Bonhomme Tous les jours, à heures régulières, sous ma fenêtre je vois passer cet homme sans âge, sec et voûté, muni d'un petit chapeau assez ridicule, la face affublée de lunettes sombres et la démarche syncopée petits pas hésitants et visage de coupable , dans la vague de la mort.

Parfois il tire sur un mégot, jamais je ne l'ai vu avec une cigarette entière ni même en extirper une d'un paquet. Il fumote, toussote, crachote, avance sans heurts tel un escargot infatigable sur l'étroit trottoir qui le mène je ne sais où.

Bien entendu, du haut de ma fenêtre, cette étrange silhouette ne peut que m'inspirer de la pitié. Ce serait trop simple et ça réglerait définitivement ce qu'une furtive image peut évoquer: un pauvre homme, un pauvre hère comme il était dit dans la campagne de mon enfance.

Non, c'est vraiment autre chose qui me vient à l'esprit.
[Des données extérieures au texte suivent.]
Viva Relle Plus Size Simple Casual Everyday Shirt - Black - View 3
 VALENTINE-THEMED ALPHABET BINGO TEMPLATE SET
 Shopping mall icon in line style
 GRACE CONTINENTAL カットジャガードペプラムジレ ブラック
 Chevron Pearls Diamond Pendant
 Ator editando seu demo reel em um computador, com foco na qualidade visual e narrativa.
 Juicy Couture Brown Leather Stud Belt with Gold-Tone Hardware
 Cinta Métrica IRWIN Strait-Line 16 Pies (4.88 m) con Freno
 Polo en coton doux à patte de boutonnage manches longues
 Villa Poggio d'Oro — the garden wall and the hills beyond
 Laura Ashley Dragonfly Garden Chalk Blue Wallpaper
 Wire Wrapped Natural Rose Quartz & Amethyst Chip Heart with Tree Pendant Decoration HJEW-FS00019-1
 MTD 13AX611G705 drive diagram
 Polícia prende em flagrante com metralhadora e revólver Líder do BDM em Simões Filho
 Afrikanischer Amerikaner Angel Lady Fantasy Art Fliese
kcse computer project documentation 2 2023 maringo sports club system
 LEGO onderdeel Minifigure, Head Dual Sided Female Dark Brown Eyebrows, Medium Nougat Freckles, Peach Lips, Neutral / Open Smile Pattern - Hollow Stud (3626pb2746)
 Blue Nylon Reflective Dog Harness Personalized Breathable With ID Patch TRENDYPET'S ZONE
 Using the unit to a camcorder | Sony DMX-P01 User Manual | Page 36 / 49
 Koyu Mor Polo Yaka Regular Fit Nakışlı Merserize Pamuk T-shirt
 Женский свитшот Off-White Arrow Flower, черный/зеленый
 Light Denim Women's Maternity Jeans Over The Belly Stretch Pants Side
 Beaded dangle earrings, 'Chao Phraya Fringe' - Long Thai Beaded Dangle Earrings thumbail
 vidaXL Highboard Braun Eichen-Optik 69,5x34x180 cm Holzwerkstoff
Je me plais plutôt à imaginer son passé, ses passés, car je peux en jouer à l'envi; fut-il glorieux ou bien misérable, joyeux ou sérieux comme un notaire de province, peut-être même un séducteur brillant aux aventures innombrables ?

Non, point de pitié, plutôt une forte admiration devant cette obstination à marcher chaque jour vers son néant, s'accrocher à ses pas qui ronronnent comme un vieux moteur poussif qui ne demande qu'à lâcher. Allons, encore une longueur jusqu'à rien, jusqu'à cette cellule d'une maison de retraite au creux d'une abbaye, jusqu'à ce parfum de néant qui caractérise ces lieux. Les yeux dans le vague mais le regard pointu il observe les pensionnaires de l'institution implacable, il est seul et tellement entouré d'autres solitudes qu'il se peut qu'un sourire imperceptible anime ses lèvres incolores.

Ce que j'admire, ce refus de lâcher prise, ce défi à la fin, cette énergie. Soudain je me trouve minable, rabougri devant mon quotidien, faible devant l'adversité de la vie. Ce bonhomme me donne du courage, m'invite à regarder ce capital que je dilapide dans de vains projets, il me crie de mieux le voir, m'ordonne de me redresser, de courir à travers champs, d'écarter mes bras pour recevoir l'air frais de cette journée de printemps, il me susurre qu'à moi il me reste encore l'éternité.